RDFox’s persistence is compliant with the ACID properties described in Section 11.

Note

Persistence does not increase the capacity of an RDFox data store beyond what can be stored in memory.

The persisted state of an RDFox instance consists of the following types of information:

  • information about all data stores in the system (also known as the server catalog),

  • information about the roles used for access control, and

  • the data loaded into each data store.

Each version of the server catalog is uniquely identified by a server version number, and each distinct state of a data store us uniquely identified by a data store version number (see Section 4). In addition, each distinct list of roles used for access control is uniquely identified by a unique role manager version number.

13.1. Key Concepts

Data store persistence consists of a sequence of changes, each of which is a snapshot or a delta. A snapshot contains a full copy of the entire content of the data store, whereas a delta contains only the incremental changes introduced in a single transaction. The time and disk space needed to save a snapshot are proportional to the size of the full data store content, whereas the time and disk space needed to save a delta are proportional to the size of the change since the previous version. Persisted data of a data store consists of an initial snapshot, followed by a sequence of deltas and snapshots that detail the content of further transactions applied to the data store. Snapshots and deltas are created automatically by RDFox on any data store that uses persistence as follows.

  • When a transaction is committed and auto-compaction is not required (see Section 5.2.4 and Section 5.4.2.1), a delta describing the changes in the transaction is saved.

  • When a data store is compacted (either explicitly or automatically), a new snapshot of the data store is saved. Depending on how exactly persistence is configured and how compaction is performed, this snapshot either replaces all existing persisted data, or it is saved in addition to all existing changes. Either way, when the RDFox server is restarted, data store loading will start from the most recently saved snapshot. Thus, compacting a data store has the potential to reduce both the disk space used and the time needed to start an RDFox instance.

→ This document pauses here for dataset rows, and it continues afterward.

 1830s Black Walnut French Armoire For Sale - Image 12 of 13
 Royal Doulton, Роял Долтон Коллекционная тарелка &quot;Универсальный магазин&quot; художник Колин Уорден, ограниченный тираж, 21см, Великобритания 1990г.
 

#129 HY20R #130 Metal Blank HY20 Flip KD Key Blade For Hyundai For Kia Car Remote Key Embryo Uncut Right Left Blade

The server catalog and the list of available roles are typically small, so they are always saved as snapshots.

13.2. Configuration

In order to use any form of persistence, an RDFox server must be configured with a server directory, which will be used to save and load persisted data. Persistence is controlled by the persistence server parameter, which can be set to off (no persistence), file, or file-sequence. The file and file-sequence options are described in the following sections. Even when persistence is enabled at the server level, it may be disabled at the data store level by setting the persistence data store parameter to off.

13.2.1. file persistence

The file persistence option stores the persisted content (the data store catalog, the list of available roles, and the content of a data store) in a single file. The data store catalog and the list of available roles are always saved as a snapshot. The content of a data store is saved as a snapshot followed by zero or more deltas. When a data store is compacted, the saved data is replaced by a fresh snapshot, which is extended by deltas as further transactions are committed on the data store. The process of compacting a data store first saves the current snapshot into a new file, and then it atomically replaces the old file with the new file. Consequently, compacting a data store eventually frees the storage occupied by any deltas written after the snapshot, but it may temporarily use additional disk space in order to hold both the old and the new files.

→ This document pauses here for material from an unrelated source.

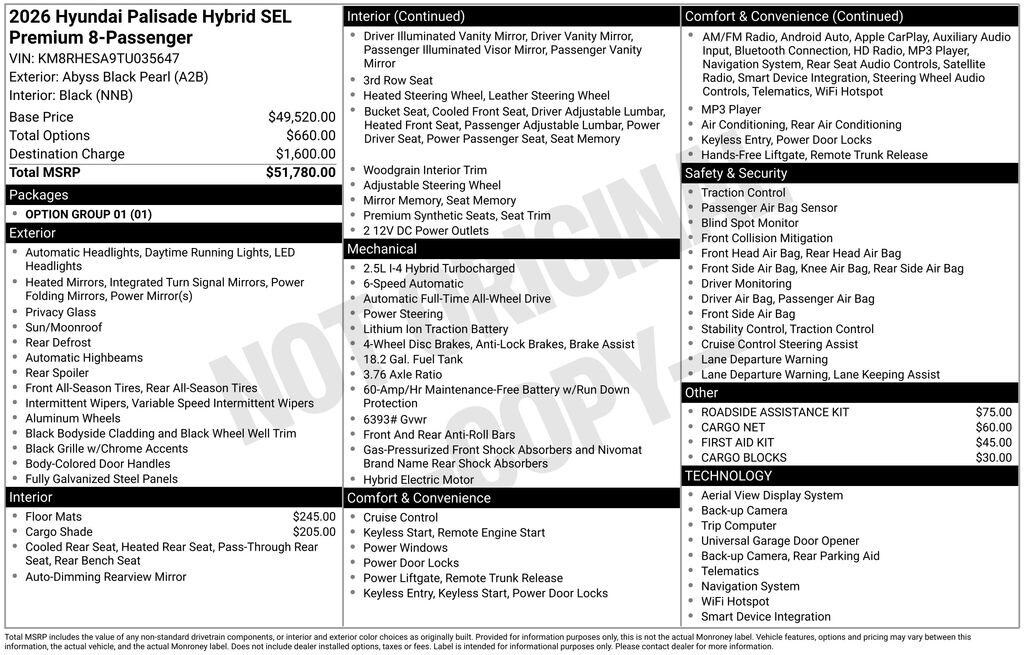 New 2026 Hyundai Palisade Hybrid SEL Premium 8P SUV
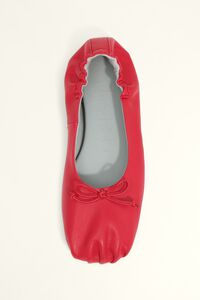Bailarina fruncida de piel roja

A server directory containing this persistence type can only be used by one RDFox server at a time. RDFox ensures that this is the case by seeking an exclusive lock on the directory when the server instance is created and exiting if the lock cannot be obtained.

RDFox will update the persisted data in a way that is in most cases resilient to RDFox crashing or the system losing power during the saving process. Specifically, if saving of a delta is interrupted for any reason, RDFox will undo any changes made to the data the next time the RDFox process is restarted; in this way, RDFox provides ACID guarantees for transaction updates.

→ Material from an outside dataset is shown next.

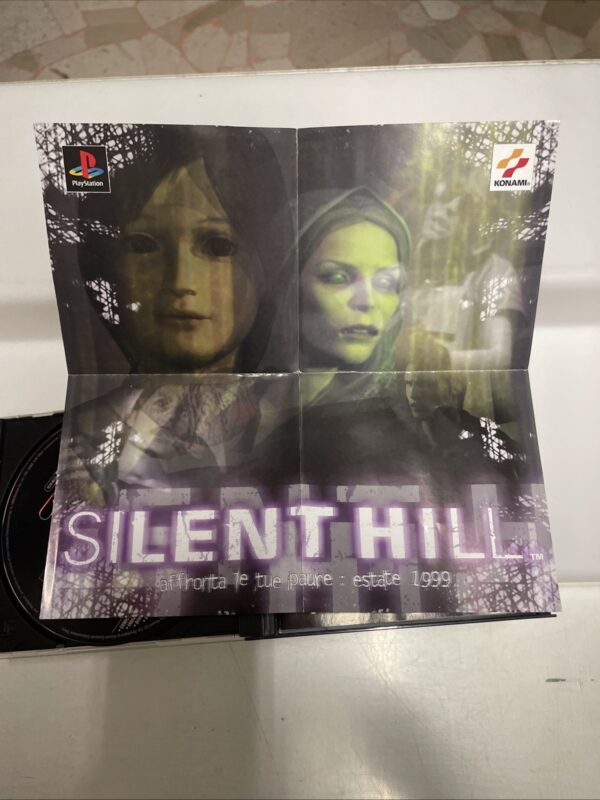 SONY PS1 Metal Gear Solid + Demo SILENT HILL Playstation PAL ita RARO - immagine 12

While RDFox guarantees consistency of persisted data due to RDFox crashes and power failure, RDFox is not immune against external damage to persisted files. RDFox will attempt to detect such corruption as follows.

  • When data is encrypted, the encryption algorithm itself offers protection against corruption: decrypting a damaged file will produce data that has a very high chance to be detected by RDFox as invalid.

  • When data is not encrypted, RDFox will use the CRC64 checksum algorithm to detect data corruption.

RDFox will refuse to start if corruption is detected in any part of the persisted data. In such cases, the only possible course of action is to restore a recent state of the RDFox database from backup. Consequently, it is highly recommended to create periodic backups of the entire server directory. It is safe to create copies of the server directory even if an RDFox instance is running, provided that the RDFox instance does not write any data during the backup period. If RDFox tries to save a transaction or change the server catalog while a backup is in progress, the backed up data may be invalid (i.e., it cannot be used in future to restore the state of an RDFox server). Consequently, backups of the server directory should only be taken during a maintenance window in which no read/write transactions are performed.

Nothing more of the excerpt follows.